On Jun 24, 8:59*pm, Keith Dysart wrote:
But then what explains the reflection at the generator that presents
Z0 to the line?

Your error is in assuming it is a reflection. It is NOT a reflection
which, by definition, involves one wave. It is a redistribution of
energy due to superposition which, by definition, involves two or more
waves. In a system designed to eliminate reflections at the source,
ALL of the redistribution of reflected energy back toward the load is
due to superposition accompanied by interference. From the FSU web
site:

"... when two waves of equal amplitude and wavelength that are 180-
degrees ... out of phase with each other meet, they are not actually
annihilated, ... All of the ... energy present in these waves must
somehow be recovered or redistributed in a new direction, according to
the law of energy conservation ..."

Nothing said about *reflection* (involving a single wave). It is all
about the meeting (superposition) of two waves which can cause the
redistribution of energy. It may look somewhat like a reflection but
it is technically NOT a reflection.
--
73, Cecil, w5dxp.com

On Jun 25, 2:13*am, lu6etj wrote:
In a TL, instead, total destructive interference in one point would
mean energy stop flowing from that point forwards (is it OK say
"forwards"?) and reverse its flow direction doubling his value, is it
OK?.

In our ham transmission line systems, the goal is to accomplish total
destructive interference toward the source, i.e. zero reflected energy
incident upon the source. So let's talk about destructive interference
toward the source and constructive interference toward the load.

You name it "redistribution" too, not reflection.

By definition, reflection is something that happens to a single wave.
By definition, superposition involves two or more waves.
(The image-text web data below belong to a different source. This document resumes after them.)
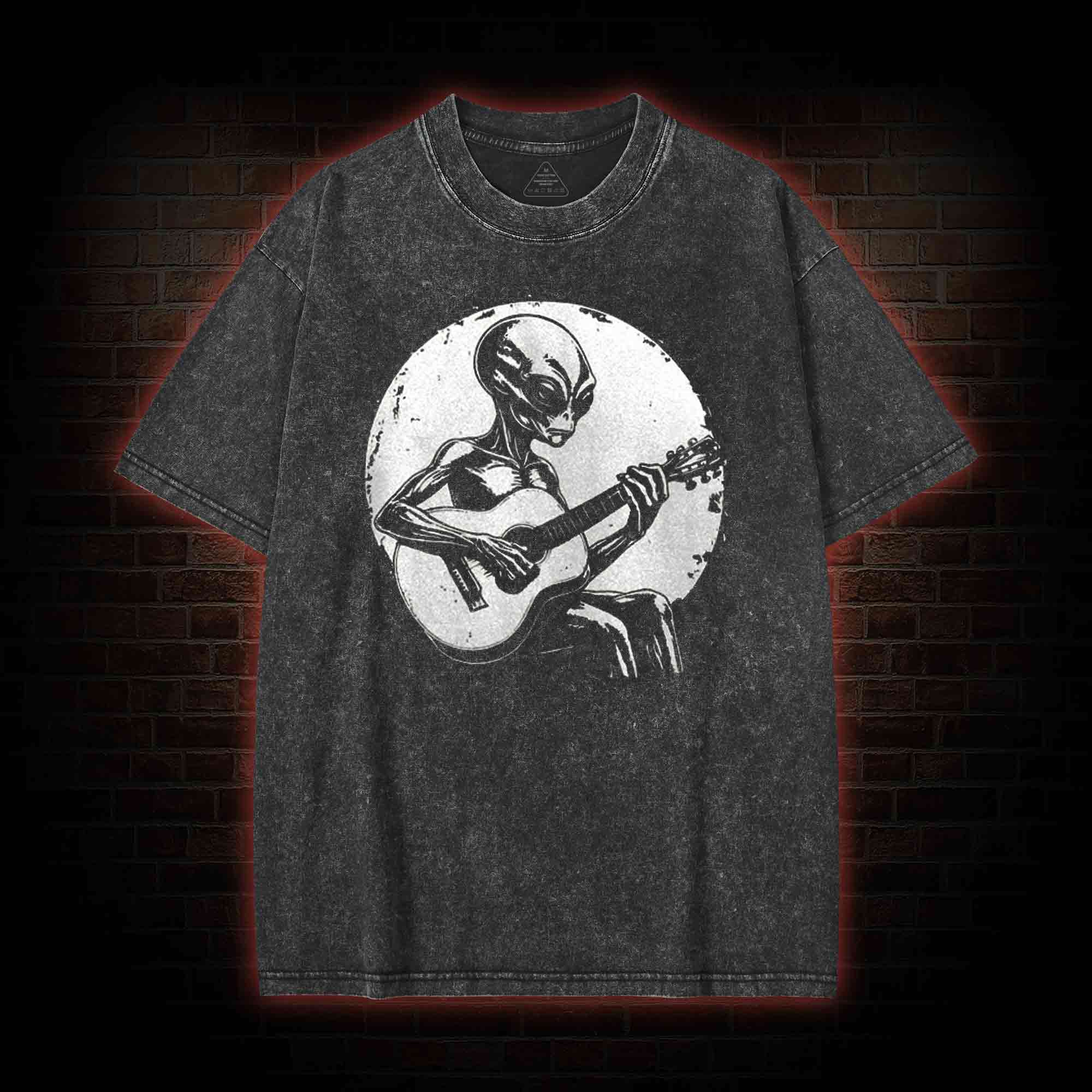 Vintage Funny Alien Washed T-shirt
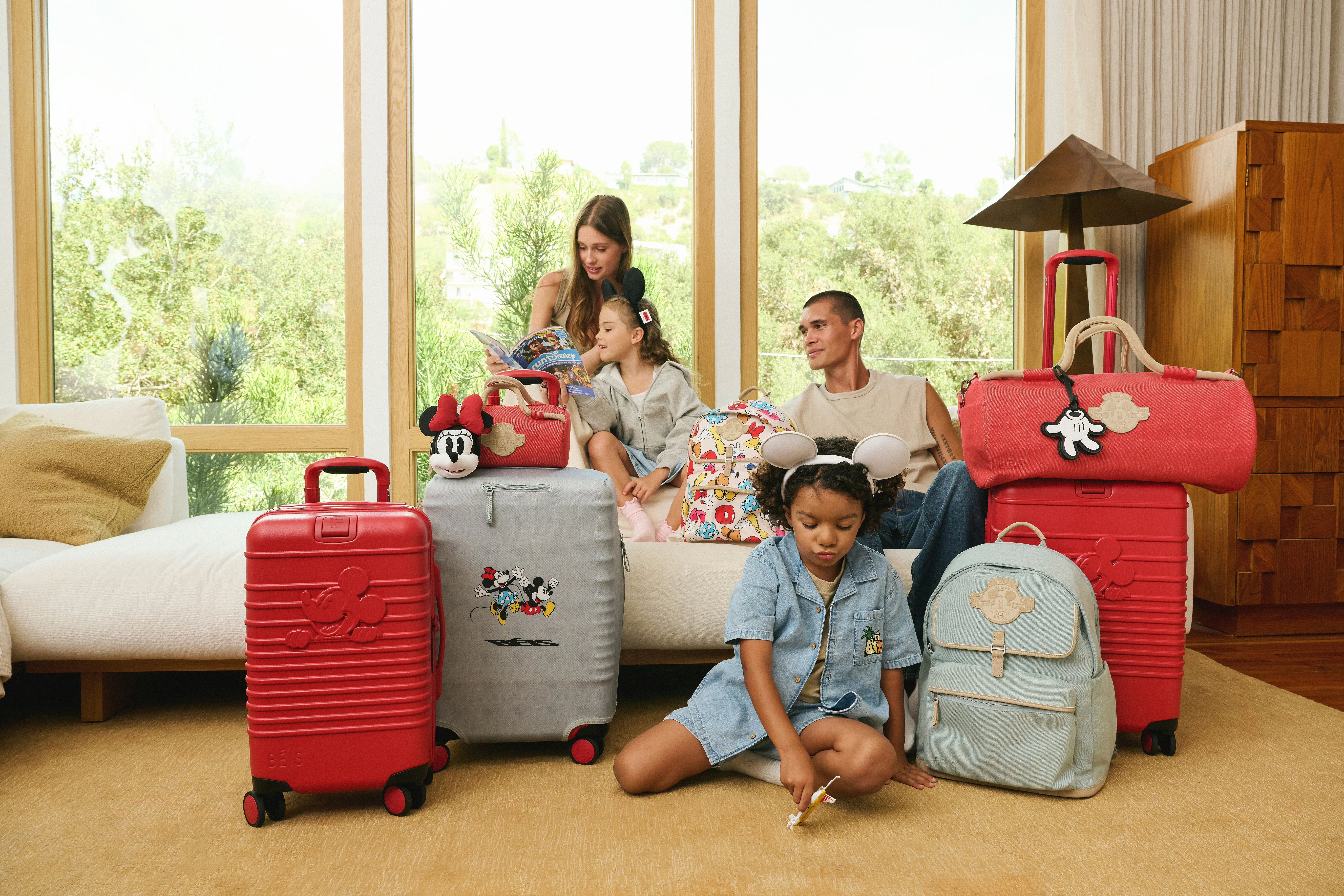 Disney x BÉIS Collection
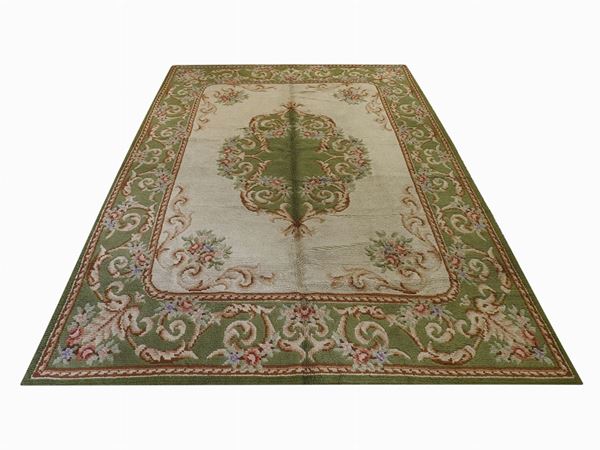 A Savonnerie Carpet  (1930s)  - Auction Furniture, Silver and Curiosities from a Roman House - I - Maison Bibelot - Casa d'Aste Firenze - Milano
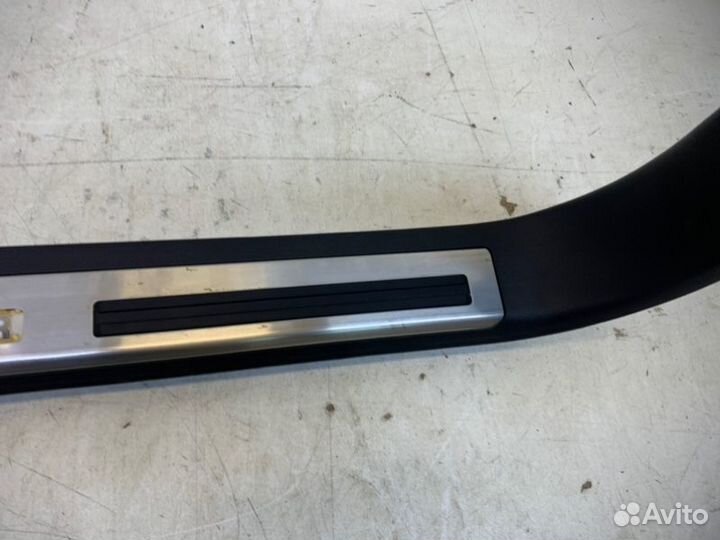 Накладка порога внутренняя передняя правая Toyota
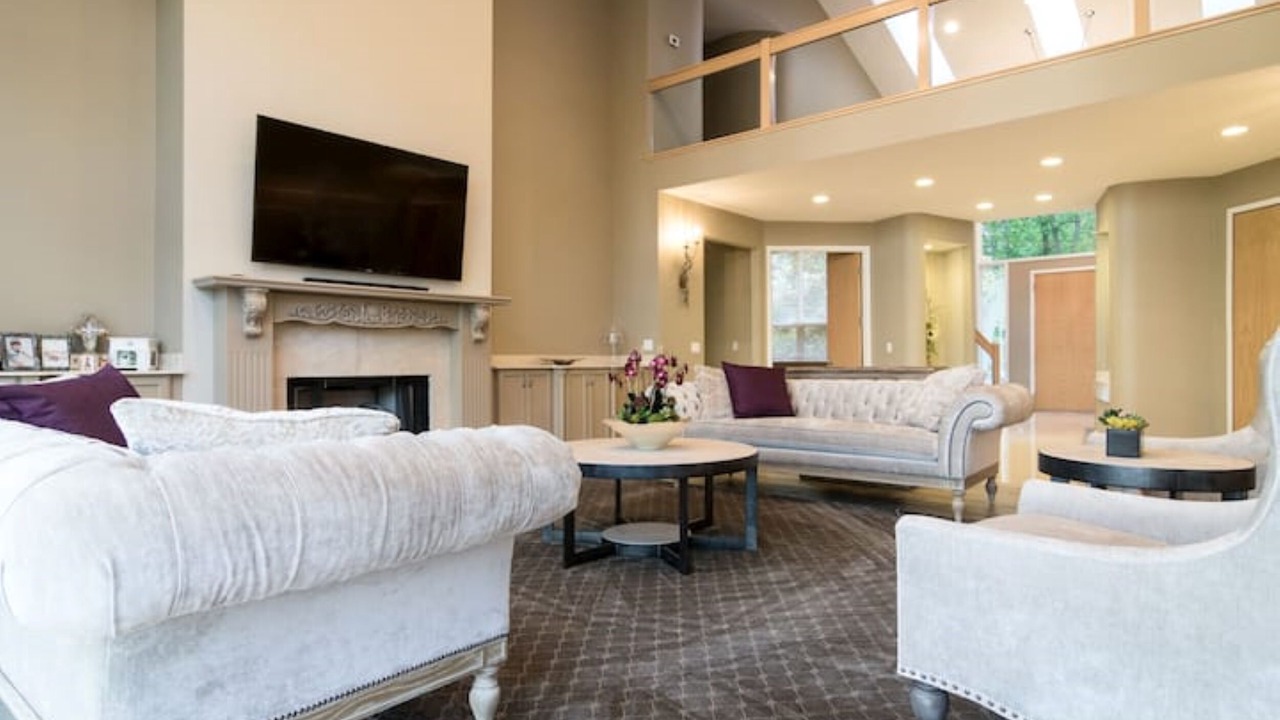 Photo of Livingroom in West Bloomfield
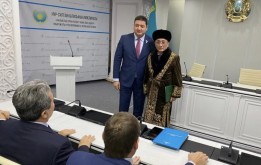 Секретарь маслихата Ерлан Каналимов поздравил с юбилеем Председателя общественного совета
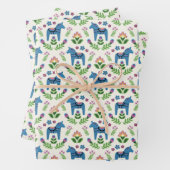 Feuille De Papier Cadeau Dala suédois Chevaux bleu (En situation)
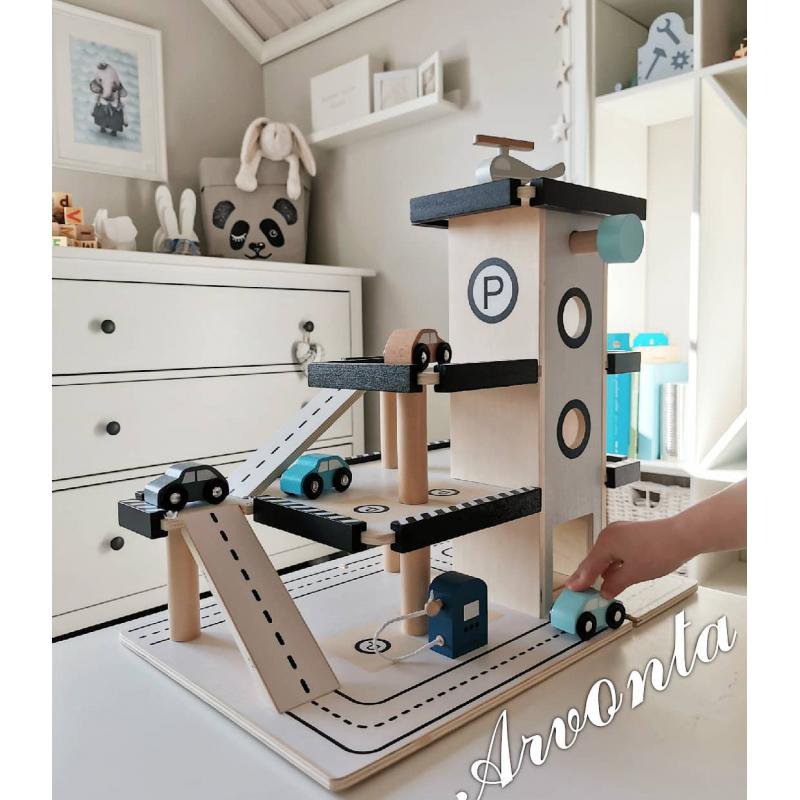 JaBaDaBaDo - Drewniany garaż, wielopoziomowy parking dla aut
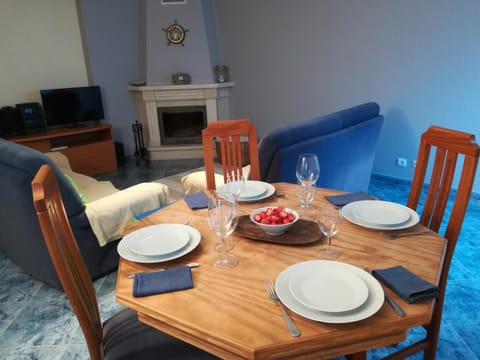 TV and multimedia, Living room, Seating area, Dining area
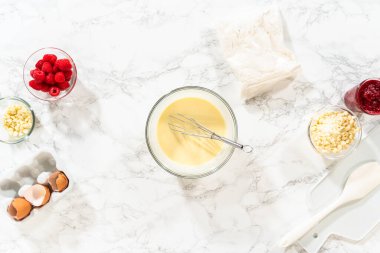 Düz yatıyordu. Bir çırpma makinesiyle, ölçülen malzemeler bir araya gelir. Pasta hamurunu bu lezzetli keke hazırlamak için ustalıkla karıştırılır..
The
redistribution that I am talking about can include both reflection and
superposition if both are present. Depending upon the system
configuration, both may be present, both may be absent, or one exist
without the other.

Well, my
question was how we can set (devise) an experiment to get such
behaviour in a TL?

I've presented it before and it is a simple Z0-match involving a 1/4WL
matching section.

50w-----50 ohm------+------1/4WL 300 ohm------1800 ohm load

On the source side, rho at '+' is 0.7143

Using a TDR, we can verify that there is indeed a reflection from the
50/300 ohm impedance discontinuity. What happens to that reflection
during steady-state?

What happens to Vfor1(rho) = 50v(0.7143) = 35.7v?

What happens to Pfor1(rho^2) = 50w(0.51) = 25.5w?
--
73, Cecil, w5dxp.com

"Cecil Moore" wrote
...
On Jun 24, 8:59 pm, Keith Dysart wrote:
But then what explains the reflection at the generator that presents
Z0 to the line?

Your error is in assuming it is a reflection. It is NOT a reflection
which, by definition, involves one wave. It is a redistribution of
energy due to superposition which, by definition, involves two or more
waves. In a system designed to eliminate reflections at the source,
ALL of the redistribution of reflected energy back toward the load is
due to superposition accompanied by interference. From the FSU web
site:

"... when two waves of equal amplitude and wavelength that are 180-
degrees ... out of phase with each other meet, they are not actually
annihilated, ... All of the ... energy present in these waves must
somehow be recovered or redistributed in a new direction, according to
the law of energy conservation ..."

Nothing said about *reflection* (involving a single wave). It is all
about the meeting (superposition) of two waves which can cause the
redistribution of energy. It may look somewhat like a reflection but
it is technically NOT a reflection.

In the Hertz dipole the reflection take place but in the loop antenna "two
waves of equal amplitude and wavelength that are 180-degrees ... out of
phase with each other meet,"

But the both cases are the same. At the meeting the energy is radiated and
the electrons emitted because in the meeting place the voltage is doubled.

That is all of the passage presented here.